Sometimes what we think can be accomplished using any given technology is limited only by our imagination. Such appears to be case with SQL, as new database architectures that allow us to extend the capabilities of SQL to new classes of analytical applications using parallel database architectures become increasingly apparent.
ParAccel, a startup led by Barry Zane, a technical co-founder of Netezza, and Rick Glick, a former chief technology officer of Teradata, is trying to pioneer the development of a massively parallel analytic database that supports standard SQL applications.
By supporting SQL, as opposed to requiring IT organizations to master new data models such as MapReduce that are limited in comparitive analytics capability, ParAccel expects to give customers the ability to analyze massive amounts of data without having to change a familiar programming construct.
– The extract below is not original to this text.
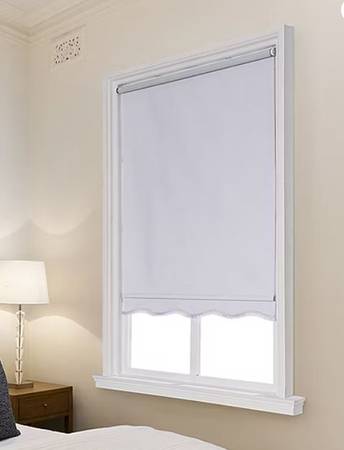 One (1) White 35" Fringed Cordless Thermal Blackout Roller Shade. 1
In fact, Zane and Glick argue that it is the current architecture of relational databases that holds SQL back in terms of being used in data-intensive analytic applications, rather than any particular limitation of SQL.
By employing a massively parallel database architecture, IT organizations will be able to invoke the full potential of multicore processors in a way that extends their current application environments. That approach will then make it easier to bridge the 'information gap' that prevents IT organizations from doing more exploratory analysis against large quantities of data, versus having to confine their queries to sets of data set that are limited in size by the capabilities of the underlying relational database. The major benefit of a massively parallel database is an expanded ability to correlate larger sets of data that includes much more granular data.
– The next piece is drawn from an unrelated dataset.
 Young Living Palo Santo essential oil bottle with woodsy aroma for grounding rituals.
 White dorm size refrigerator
The ParAccel Analytic Database, in contrast, can easily load 9TB of data in about an hour, according to both Zane and Glick, without coming anywhere near the theoretical limitations of the database architecture.
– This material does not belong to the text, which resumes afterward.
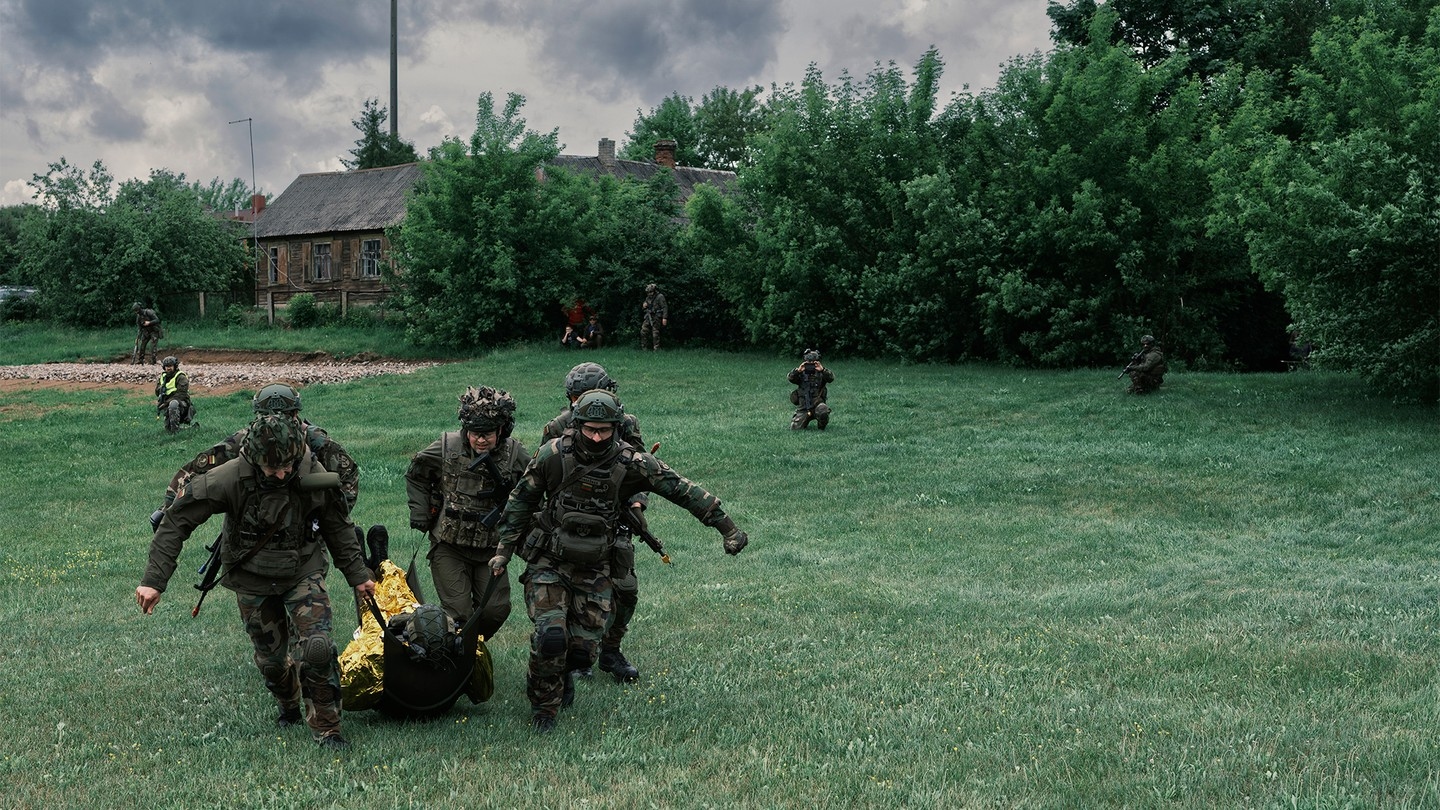Color photo of group of uniformed and heavily armed people running across green field carrying a person wrapped in gold thermal blanket with other militia members kneeling in background.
Both Zane and Glick are solicitous to their former employers, but note that earlier generations of SQL database architectures are limited in their ability to take advantage of parallel processing, especially compared to ParAccel database where none of the system resources have to be shared.
It remains to be seen how traditional database vendors such as Oracle, IBM, Sybase and Microsoft will respond to the challenge of companies such as ParAccel. At present, the current approach to analytics using existing technology is roughly equivalent to analyzing a stand of trees and then extrapolating what the forest looks like. It's a whole other thing to analyze not only a stand of trees, but every tree in multiple sets of forests. As the sheer volume of data continues to grow, it's pretty clear that existing architectures are going to crack under that kind of strain. So what we need to start thinking about is new way to finally compare all the forests without having to make as many guesses about what kind of trees are actually in them.